If you have never been to a Sephardic Jewish home for Rosh Hashanah, make a friend with roots in Syria or Iraq and get yourself invited. The food is sublime, and the courses go on forever. That is because when celebrating the New Year, Middle Eastern Jews have more than a meal: They have a seder.
As with the Passover meal, the Rosh Hashanah seder features symbolic foods before the festive meal, a custom that goes back about 1800 years to when the Jewish sages of Babylon, present day Iraq, were writing the Talmud. They decided to ask God for peace and prosperity, and to use food as the vehicle for doing so.
In honor of Rosh Hashanah, Jews from Eastern Europe prepare sweet foods like apples dipped in honey for a sweet year. Sephardic and Mizrahi Jews take their requests many steps further. At their Rosh Hashanah seder, several foods have symbolic meanings and each is accompanied by its own blessing. Basically, once you have eaten the required foods and said the requisite blessings, you are protected from any enemies for the year!
How are the foods chosen for this Rosh Hashanah seder? By name, in Aramaic, which was the language of the Jews of Babylon at the time these blessings were written. The word for beet in Aramaic (and in Hebrew) is “selek” which has the same roots as the word for “get rid of,” so the blessing that asks God to get rid of one’s enemies is said over beets.
Do you want your year filled with good deeds? Eat a pomegranate, packed with seeds as numerous as the commandments in the Torah. And if you want to be sure to succeed? Eat a fish head or a part of an animal’s head — cow tongue, anyone? — so that you finish the year as a head and not as a tail. The word for bean in Aramaic is related to the word for increase, so by eating string beans or black-eyed peas, you are asking for your merits to increase.
Alicia Assa, the author of the cookbook Sabores de Mexico, comes from a Syrian Jewish family that made its way to Mexico at the start of the 20th century. Her family had been in Syria since their expulsion from Spain in 1492, and they brought their customs and foods with them. Still today, Alicia’s family makes a Rosh Hashanah seder of carefully cooked symbolic foods, just as her grandparents and their grandparents made theirs.
At Alicia’s Rosh Hashanah table, you will find stuffed vegetables like cabbage, zucchini, or grape leaves. The sauce is sweetened with apricots, prunes, and tamarind.
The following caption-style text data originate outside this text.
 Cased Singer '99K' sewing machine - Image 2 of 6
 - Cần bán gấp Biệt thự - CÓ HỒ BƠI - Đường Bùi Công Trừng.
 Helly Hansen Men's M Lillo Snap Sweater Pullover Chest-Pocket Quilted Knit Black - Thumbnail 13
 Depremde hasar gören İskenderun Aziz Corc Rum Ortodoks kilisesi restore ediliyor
And for the rest of the meal, the symbolic foods are incorporated in the dishes. Iranian rice is mixed with orange peel and pomegranate. String beans with tomato sauce and garlic are served at the start of the meal and in the meal itself. Swiss chard, beets, dates — symbolic foods all — are served in a variety of ways.
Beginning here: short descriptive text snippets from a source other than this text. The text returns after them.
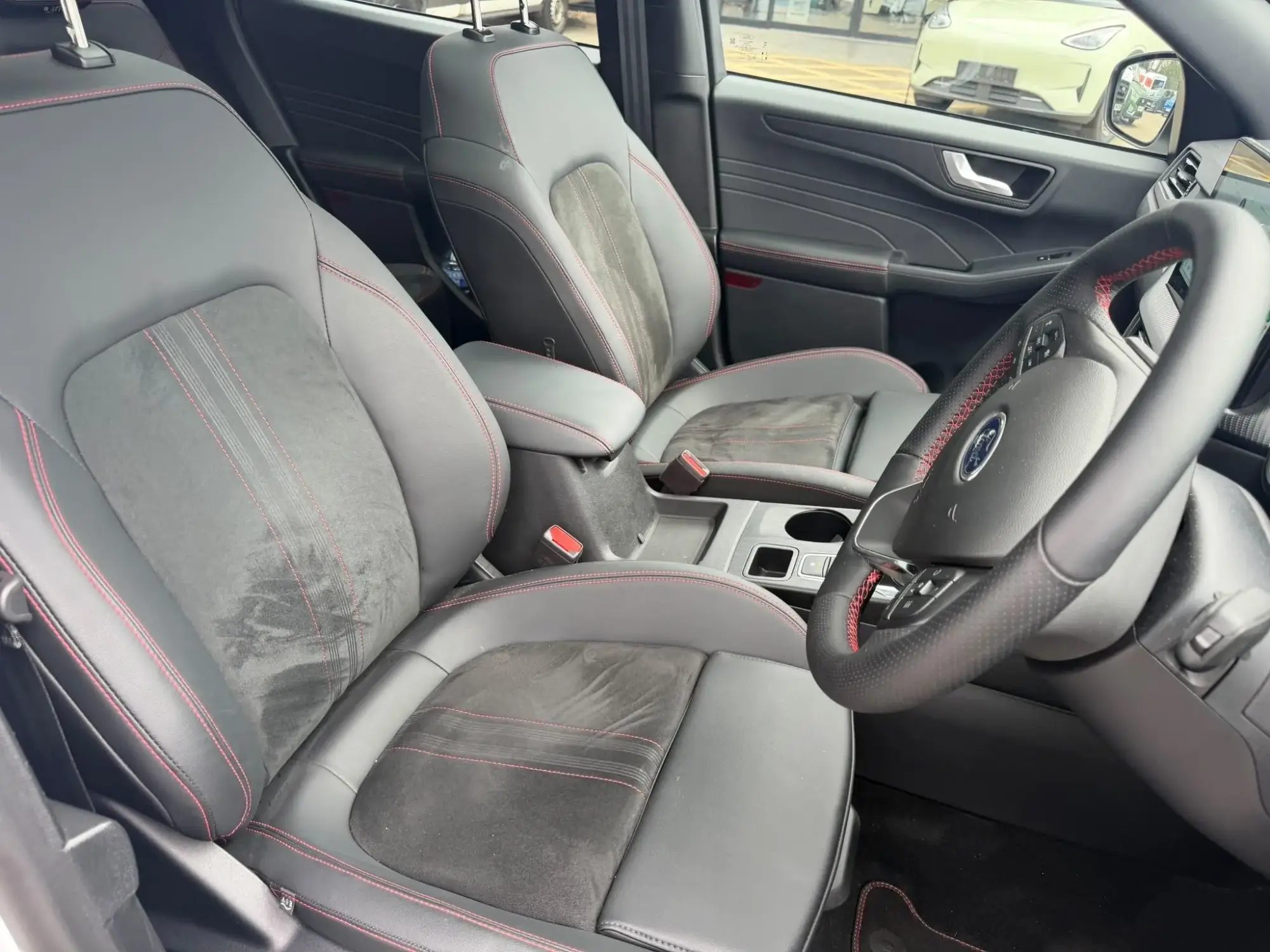 Ford Kuga Plug-In Hybrid Image 13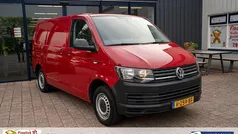 Rood Gebruikt 2016 VW T6 Comfortline Van | € 13.740 (Goede deal)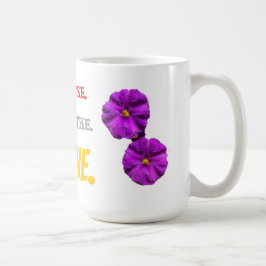 一時停止。深呼吸。輝く。ハチドリと紫の花 コーヒーマグカップ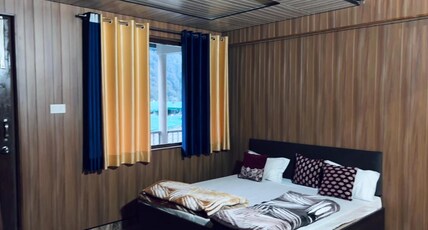 Hotel Himani Pangoot Room Type - Family Cottage Room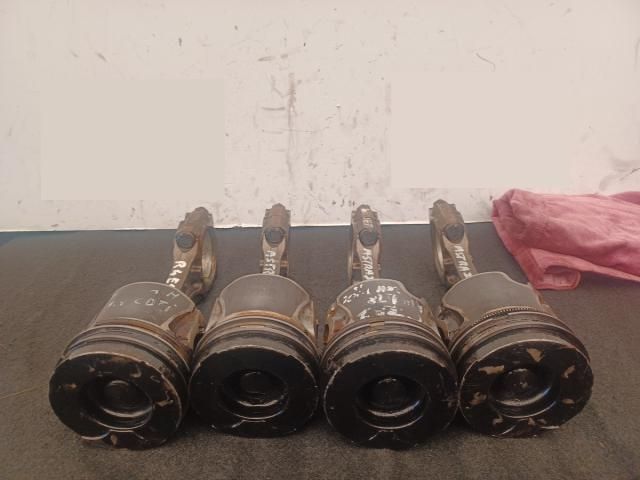 bontott OPEL ASTRA J Dugattyú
But be warned. Before you get to the sweet stuffed vegetables, expect to see a fish head. And to bless it.
Alicia Assa’s Stuffed Zucchini with Sweet Apricot Prune Sauce
For the zucchini:
- 8 medium zucchini, lightly peeled so that the zucchini looks striped, and cored. Leave ¼” thick shell all around the cored center of the zucchini
- I/2 pound ground beef
- 1 cup rice (not pre-cooked), soaked in hot water for one hour, and then drained
- 1 tsp Arabic allspice (available in specialty or spice stores)
- One pinch kosher salt
- 2 Tbsp vegetable oil
For the sauce:
- 1 1/2 cups of water
- 4 Tbsp tamarind sauce (available in specialty stores)
- 1 Tbsp lemon juice
- 1 Tbsp sugar
- One pinch of salt
- 8 dried Turkish apricots
- 8 dried pitted prunes
- Pre-heat the oven to 350 degrees.
- Mix the ground beef, rice, allspice and salt with your hands and stuff the mixture into the center of the zucchini so that it is 3/4 full. Note: You can keep the raw, stuffed zucchini in the freezer until you are ready to cook them.
- Heat the vegetable oil in a frying pan. Sear the stuffed zucchini over medium heat until they brown a bit. Place the browned, stuffed zucchini in a baking dish.
- Mix all sauce ingredients in a bowl. Pour over the zucchini and bake, covered, until juices have cooked down and meat is tender, about 2 hours.